I raise this experience because it demonstrates the stubborn resistance to Black theatre history even among left-leaning professors and relates directly to Kate Dossett’s carefully detailed account examining African American left-wing theatre projects during the New Deal era, c. 1935-1940. Dossett draws upon archival manuscripts of Black theatre history, and in doing so unearths a magnificent period of African American theatrical creativity. During this late-Depression period, African American performers used support and funding from the New Deal’s Federal Theatre Project to “create new possibilities and push open the parameters that had constrained black drama” (9). Despite the economy and the ongoing brutal restraint from racist Jim Crow laws and lynchings, Black actors, directors, playwrights, designers, and producers wrote, rehearsed, and enacted dramas that related to the African American experience. Whether the plays were historical (Haiti) or contemporary (Big White Fog), African American drama and performance flourished despite enormous obstacles. The so-called “Negro Units” of the Federal Theatre Project (FTP) surfaced not only in New York, the mecca of show business, but nationally, in nearly every city with a sufficient African American population.
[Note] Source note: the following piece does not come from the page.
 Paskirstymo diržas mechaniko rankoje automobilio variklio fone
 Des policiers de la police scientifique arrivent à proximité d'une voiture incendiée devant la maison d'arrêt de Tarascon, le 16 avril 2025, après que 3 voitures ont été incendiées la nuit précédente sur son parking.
Dossett raises the theme of “black performance communities,” which “shaped the critical reception of dramas performed by Negro Units” (12). The book also emphasizes Black radicalism by focusing on dramatic manuscripts, whether they were produced or not. The book sifts through archives of recondite theatre manuscripts during the era, making the case that Black theatre productions of the period “are contested sites of knowledge production shaped by long-standing practices of racial exclusion and omission” (16). Combing through these manuscripts affords Dossett the opportunity to illustrate the ways in which Black political radicalism, especially influenced by Marcus Garvey and left-wing ideology, were either highlighted, implemented, or purged from the texts and subsequent productions.
Dossett examines manuscripts of Black plays that may or may not have seen the light of production. This allows Dossett to explore the ebb and flow of works that received pushback and censoring during an era of Jim Crow segregation and anti-leftism. The book focuses on “theatre manuscripts authored and developed by African Americans in black performance communities” participating in the Federal Theatre Project (FTP, 23) in order to demonstrate the radical desires of Black theatre artists. Many plays and productions faced censorship, given the rising anti-Communism of the period. As a result, productions staged or planned to be staged received shifting emphases, thereby creating multiple versions of the same play. Theodore Ward’s Big White Fog (staged in Chicago in 1937 and in New York in 1940), Theodore Browne’s Natural Man (Seattle in 1937 and in New York in 1941), for example, are merely two of many plays that underwent the push and pull of revision in order to satisfy multiple audiences as well as government and theatre officials. Some scripts were never staged, yet they, too, experienced revisions, attempting to find their way towards staging.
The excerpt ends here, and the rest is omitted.